This is the tag that went with the cookie recipe: "This half-oil, half-butter version yields a crisper, more delicate cookie," says Cooking Light Advisory Panelist Greg Drescher of the Culinary Institute of America.
Vanilla Shortbread Cookies
9 oz. all-purpose flour (about 2 c.)
1/4 cup cornstarch
1/4 tsp. salt
1/2 cup butter, softened
1/2 cup canola oil
1/2 cup sugar
1 vanilla bean, split lengthwise
1. Preheat oven to 350.
2. Line bottom and sides of a 13 x 9–inch baking pan with foil; coat foil with cooking spray, and set aside.
3. Weigh or lightly spoon flour into dry measuring cups; level with a knife. Combine flour, cornstarch, and salt in a large bowl; stir with a whisk.

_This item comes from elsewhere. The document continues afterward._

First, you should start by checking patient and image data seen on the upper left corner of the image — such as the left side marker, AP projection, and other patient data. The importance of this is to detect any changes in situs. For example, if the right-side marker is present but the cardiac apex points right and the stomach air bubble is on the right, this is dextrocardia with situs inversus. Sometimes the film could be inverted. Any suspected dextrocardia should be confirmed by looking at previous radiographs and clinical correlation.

4. Place butter in a medium bowl or bowl of a stand mixer; beat with a mixer at medium speed 2 minutes or until light and fluffy. Add oil; beat with a mixer at medium speed 3 minutes or until well blended. Gradually add sugar, beating well. Scrape seeds from vanilla bean, and add seeds to butter mixture; discard bean. Add flour mixture, beating at low speed just until blended. Spoon dough into prepared pan. Place a sheet of heavy-duty plastic wrap over dough; press to an even thickness. Discard plastic wrap. Bake at 350 for 30 minutes or until edges are lightly browned. Cool in pan 5 minutes on a wire rack; cut into 32 pieces. Carefully lift foil from pan; cool squares completely on a wire rack.
Substitution Suggestions: I didn't have canola oil, so I used vegetable oil instead. I'd probably stick to canola in the future, but vegetable will work just fine. If you really want more butter flavor, add a little butter extract -- flavor without the guilt. Don't use margarine or vanilla extract! Only the real thing will do for this recipe and I love seeing the tiny vanilla bean flecks in the cookie.

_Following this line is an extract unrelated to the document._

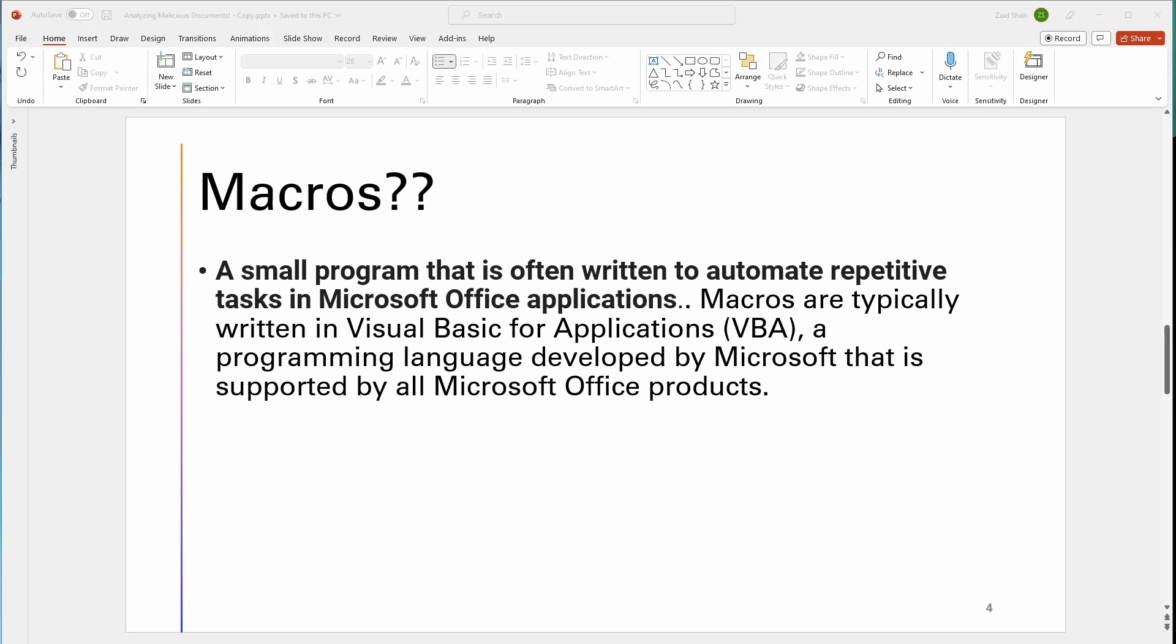What are macros? Macros are small programs that are often written to automate annoying tasks in Microsoft Office applications. Macros are typically written in Visual Basic for Applications, or also known as VBA. That is a programming language made by Microsoft that is supported by all Microsoft Office products.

Lessons Learned: Don't soften your butter too much. I think mine was a little too soft, so it took extra time to get the butter and oil to combine.
The cornstarch may throw you for a loop, but that's part of what makes this cookie dissolve in your mouth so well. You will not taste the chalky flavor of the starch, I promise!
I measured my flour on the scale, not with a cup measure, for better accuracy. I am developing a new appreciation for my kitchen scale thanks to a fabulous book recently recommended to me: Ratio by Michael Ruhlman. (The book is totally rocking my cooking world!)